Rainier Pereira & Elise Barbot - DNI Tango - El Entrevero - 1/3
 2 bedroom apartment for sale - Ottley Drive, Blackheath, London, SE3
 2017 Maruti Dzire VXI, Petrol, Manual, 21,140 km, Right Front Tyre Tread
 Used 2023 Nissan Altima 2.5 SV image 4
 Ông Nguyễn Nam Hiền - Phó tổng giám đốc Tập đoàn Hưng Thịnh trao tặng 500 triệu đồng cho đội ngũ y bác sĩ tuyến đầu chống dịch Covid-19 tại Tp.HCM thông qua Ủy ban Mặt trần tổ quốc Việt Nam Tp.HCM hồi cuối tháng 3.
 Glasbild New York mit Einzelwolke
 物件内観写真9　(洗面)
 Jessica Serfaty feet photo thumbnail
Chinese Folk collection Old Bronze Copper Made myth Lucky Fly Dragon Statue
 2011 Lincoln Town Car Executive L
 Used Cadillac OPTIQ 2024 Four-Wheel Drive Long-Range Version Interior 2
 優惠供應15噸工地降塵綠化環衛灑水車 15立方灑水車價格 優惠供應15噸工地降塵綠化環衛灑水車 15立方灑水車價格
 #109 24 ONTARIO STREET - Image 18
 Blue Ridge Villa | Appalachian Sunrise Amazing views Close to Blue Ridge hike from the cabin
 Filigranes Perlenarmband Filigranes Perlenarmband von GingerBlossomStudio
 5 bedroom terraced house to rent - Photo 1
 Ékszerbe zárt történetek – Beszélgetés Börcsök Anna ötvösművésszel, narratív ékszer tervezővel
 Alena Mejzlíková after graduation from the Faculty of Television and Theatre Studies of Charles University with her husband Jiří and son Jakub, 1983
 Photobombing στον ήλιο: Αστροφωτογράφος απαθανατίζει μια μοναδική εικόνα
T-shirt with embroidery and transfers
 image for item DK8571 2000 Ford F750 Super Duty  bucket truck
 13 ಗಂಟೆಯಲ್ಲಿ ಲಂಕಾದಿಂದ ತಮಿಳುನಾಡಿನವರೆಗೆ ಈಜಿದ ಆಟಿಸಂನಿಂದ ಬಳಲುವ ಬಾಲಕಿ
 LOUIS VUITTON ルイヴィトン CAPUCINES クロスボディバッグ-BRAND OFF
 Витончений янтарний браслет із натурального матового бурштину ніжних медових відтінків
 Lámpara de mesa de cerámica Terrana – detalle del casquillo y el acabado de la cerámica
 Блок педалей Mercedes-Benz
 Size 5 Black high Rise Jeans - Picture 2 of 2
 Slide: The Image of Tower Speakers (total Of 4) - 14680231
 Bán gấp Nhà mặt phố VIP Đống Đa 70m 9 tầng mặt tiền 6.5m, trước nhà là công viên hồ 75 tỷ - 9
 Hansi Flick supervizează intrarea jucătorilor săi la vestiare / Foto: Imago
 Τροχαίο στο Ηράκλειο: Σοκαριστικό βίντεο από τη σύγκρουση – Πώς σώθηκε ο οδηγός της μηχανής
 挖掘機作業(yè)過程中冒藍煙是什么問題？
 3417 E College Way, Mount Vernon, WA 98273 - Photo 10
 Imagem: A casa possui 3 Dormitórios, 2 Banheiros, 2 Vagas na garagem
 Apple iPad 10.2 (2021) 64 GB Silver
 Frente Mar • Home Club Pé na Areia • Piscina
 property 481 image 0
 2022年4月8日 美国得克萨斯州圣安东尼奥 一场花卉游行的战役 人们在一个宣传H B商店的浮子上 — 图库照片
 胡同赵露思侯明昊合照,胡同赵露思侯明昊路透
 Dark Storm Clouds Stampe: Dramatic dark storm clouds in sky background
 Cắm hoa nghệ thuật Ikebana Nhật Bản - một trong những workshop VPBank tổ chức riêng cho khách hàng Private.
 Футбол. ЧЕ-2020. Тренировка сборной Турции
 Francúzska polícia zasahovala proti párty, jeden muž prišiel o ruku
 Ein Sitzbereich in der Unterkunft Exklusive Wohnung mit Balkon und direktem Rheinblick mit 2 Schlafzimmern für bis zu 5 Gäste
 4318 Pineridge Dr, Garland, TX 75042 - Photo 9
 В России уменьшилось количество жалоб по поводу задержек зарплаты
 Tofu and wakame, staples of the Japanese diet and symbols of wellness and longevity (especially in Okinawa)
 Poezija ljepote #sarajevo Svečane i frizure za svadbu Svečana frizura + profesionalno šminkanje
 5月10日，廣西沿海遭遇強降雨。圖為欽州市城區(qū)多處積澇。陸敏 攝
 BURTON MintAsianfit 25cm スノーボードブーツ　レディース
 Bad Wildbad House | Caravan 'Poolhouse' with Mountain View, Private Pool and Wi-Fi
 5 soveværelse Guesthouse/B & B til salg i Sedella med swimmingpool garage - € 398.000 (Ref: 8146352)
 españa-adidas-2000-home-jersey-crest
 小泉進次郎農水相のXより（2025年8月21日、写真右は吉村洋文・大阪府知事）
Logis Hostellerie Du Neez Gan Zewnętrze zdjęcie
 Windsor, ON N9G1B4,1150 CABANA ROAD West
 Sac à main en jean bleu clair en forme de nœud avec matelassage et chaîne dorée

- Your task
Each record is to be reproduced exactly as it appears.

- Written response
Rainier Pereira & Elise Barbot - DNI Tango - El Entrevero - 1/3
 2 bedroom apartment for sale - Ottley Drive, Blackheath, London, SE3
 2017 Maruti Dzire VXI, Petrol, Manual, 21,140 km, Right Front Tyre Tread
 Used 2023 Nissan Altima 2.5 SV image 4
 Ông Nguyễn Nam Hiền - Phó tổng giám đốc Tập đoàn Hưng Thịnh trao tặng 500 triệu đồng cho đội ngũ y bác sĩ tuyến đầu chống dịch Covid-19 tại Tp.HCM thông qua Ủy ban Mặt trần tổ quốc Việt Nam Tp.HCM hồi cuối tháng 3.
 Glasbild New York mit Einzelwolke
 物件内観写真9　(洗面)
 Jessica Serfaty feet photo thumbnail
Chinese Folk collection Old Bronze Copper Made myth Lucky Fly Dragon Statue
 2011 Lincoln Town Car Executive L
 Used Cadillac OPTIQ 2024 Four-Wheel Drive Long-Range Version Interior 2
 優惠供應15噸工地降塵綠化環衛灑水車 15立方灑水車價格 優惠供應15噸工地降塵綠化環衛灑水車 15立方灑水車價格
 #109 24 ONTARIO STREET - Image 18
 Blue Ridge Villa | Appalachian Sunrise Amazing views Close to Blue Ridge hike from the cabin
 Filigranes Perlenarmband Filigranes Perlenarmband von GingerBlossomStudio
 5 bedroom terraced house to rent - Photo 1
 Ékszerbe zárt történetek – Beszélgetés Börcsök Anna ötvösművésszel, narratív ékszer tervezővel
 Alena Mejzlíková after graduation from the Faculty of Television and Theatre Studies of Charles University with her husband Jiří and son Jakub, 1983
 Photobombing στον ήλιο: Αστροφωτογράφος απαθανατίζει μια μοναδική εικόνα
T-shirt with embroidery and transfers
 image for item DK8571 2000 Ford F750 Super Duty  bucket truck
 13 ಗಂಟೆಯಲ್ಲಿ ಲಂಕಾದಿಂದ ತಮಿಳುನಾಡಿನವರೆಗೆ ಈಜಿದ ಆಟಿಸಂನಿಂದ ಬಳಲುವ ಬಾಲಕಿ
 LOUIS VUITTON ルイヴィトン CAPUCINES クロスボディバッグ-BRAND OFF
 Витончений янтарний браслет із натурального матового бурштину ніжних медових відтінків
 Lámpara de mesa de cerámica Terrana – detalle del casquillo y el acabado de la cerámica
 Блок педалей Mercedes-Benz
 Size 5 Black high Rise Jeans - Picture 2 of 2
 Slide: The Image of Tower Speakers (total Of 4) - 14680231
 Bán gấp Nhà mặt phố VIP Đống Đa 70m 9 tầng mặt tiền 6.5m, trước nhà là công viên hồ 75 tỷ - 9
 Hansi Flick supervizează intrarea jucătorilor săi la vestiare / Foto: Imago
 Τροχαίο στο Ηράκλειο: Σοκαριστικό βίντεο από τη σύγκρουση – Πώς σώθηκε ο οδηγός της μηχανής
 挖掘機作業(yè)過程中冒藍煙是什么問題？
 3417 E College Way, Mount Vernon, WA 98273 - Photo 10
 Imagem: A casa possui 3 Dormitórios, 2 Banheiros, 2 Vagas na garagem
 Apple iPad 10.2 (2021) 64 GB Silver
 Frente Mar • Home Club Pé na Areia • Piscina
 property 481 image 0
 2022年4月8日 美国得克萨斯州圣安东尼奥 一场花卉游行的战役 人们在一个宣传H B商店的浮子上 — 图库照片
 胡同赵露思侯明昊合照,胡同赵露思侯明昊路透
 Dark Storm Clouds Stampe: Dramatic dark storm clouds in sky background
 Cắm hoa nghệ thuật Ikebana Nhật Bản - một trong những workshop VPBank tổ chức riêng cho khách hàng Private.
 Футбол. ЧЕ-2020. Тренировка сборной Турции
 Francúzska polícia zasahovala proti párty, jeden muž prišiel o ruku
 Ein Sitzbereich in der Unterkunft Exklusive Wohnung mit Balkon und direktem Rheinblick mit 2 Schlafzimmern für bis zu 5 Gäste
 4318 Pineridge Dr, Garland, TX 75042 - Photo 9
 В России уменьшилось количество жалоб по поводу задержек зарплаты
 Tofu and wakame, staples of the Japanese diet and symbols of wellness and longevity (especially in Okinawa)
 Poezija ljepote #sarajevo Svečane i frizure za svadbu Svečana frizura + profesionalno šminkanje
 5月10日，廣西沿海遭遇強降雨。圖為欽州市城區(qū)多處積澇。陸敏 攝
 BURTON MintAsianfit 25cm スノーボードブーツ　レディース
 Bad Wildbad House | Caravan 'Poolhouse' with Mountain View, Private Pool and Wi-Fi
 5 soveværelse Guesthouse/B & B til salg i Sedella med swimmingpool garage - € 398.000 (Ref: 8146352)
 españa-adidas-2000-home-jersey-crest
 小泉進次郎農水相のXより（2025年8月21日、写真右は吉村洋文・大阪府知事）
Logis Hostellerie Du Neez Gan Zewnętrze zdjęcie
 Windsor, ON N9G1B4,1150 CABANA ROAD West
 Sac à main en jean bleu clair en forme de nœud avec matelassage et chaîne dorée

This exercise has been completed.